Jewels from McCullough
As noted in this space the other day, we are in the midst of graduation season and it is natural for adults to wish to impart something of value to today’s grads. We found several nuggets in a book loaned to us by a friend.
“The American Spirit: Who We Are and What We Stand For” is a compilation of speeches given by famed historian David McCullough. A mixture of commencement addresses and speeches given on special occasions, many contain little jewels that should be shared.
In a speech titled “The Spirit of Jefferson,” McCullough told newly minted U.S. citizens at a naturalization ceremony at Monticello:
“When he wrote the Declaration of Independence he was speaking to the world then, but speaking to us also, across time. The ideas are transcendent, as is so much else that is bedrock to what we believe as a people, what we stand for, so many principles that have their origin here, with the mind and spirit of Thomas Jefferson. Sadly, too many today take for granted public schools, freedom of religion, freedom of speech, equality before the law, forgetting that these were ever novel and daring ideas.”

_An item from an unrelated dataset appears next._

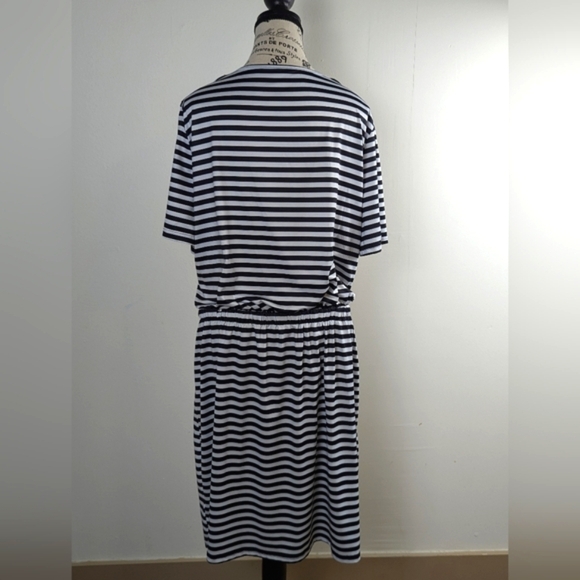 Shein| Black and White Striped Midi Dress - Picture 2 of 8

On the importance of knowing history, McCullough told the graduating class of Hillsdale College in 2004:
“The laws we live by, the freedoms we enjoy. The institutions we take for granted — and we should never take for granted — are all the work of others who went before us. And to be indifferent to that isn’t just to be ignorant, it’s to be rude. And ingratitude is a shabby feeling.
“How can we not want to know about the people who have made it possible for us to live as we live, to have the freedoms we have, to be the citizens of this greatest of countries? It’s not just a birthright, it is something that others struggled and strived for, often suffered for and died for, for the next generations, for us.”
We highly recommend “The American Spirit.” It would make a great graduation gift.